Fraude documentaire : traquer les fraudeurs grâce à la technologie

La matière première des fraudeurs : le document. Comment la technologie et l'évolutions de la puissance machine améliorent la lutte contre la fraude ?

Les organisations n’ont jamais connu autant de risques de fraude : +164% de croissance pour la fraude documentaire et identitaire entre 2017 et 2019 (1). Son préjudice est aujourd’hui estimé à 5% du CA des organisations (2).

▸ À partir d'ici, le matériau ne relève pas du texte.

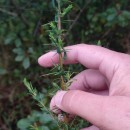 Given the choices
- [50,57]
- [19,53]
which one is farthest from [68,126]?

Avec l’avènement des échanges dématérialisés et la banalisation des retouches images, le document – inhérent à la quasi-totalité des processus d’entreprise - est devenu la matière première préférée des fraudeurs : fausses factures, faux RIB, falsification de pièce d’identité, de justificatifs de domicile… 

Mais les fraudeurs n’ont pas la partie gagnée : dopée à l’IA, de nouvelles technologies de lutte contre la fraude embarquent toujours plus d’intelligence pour adresser les multiples cas d’usages de la fraude documentaire. Avec des résultats prometteurs : jusqu’à trois fois plus de fraudes détectées et un coût de détection divisé par deux (3). 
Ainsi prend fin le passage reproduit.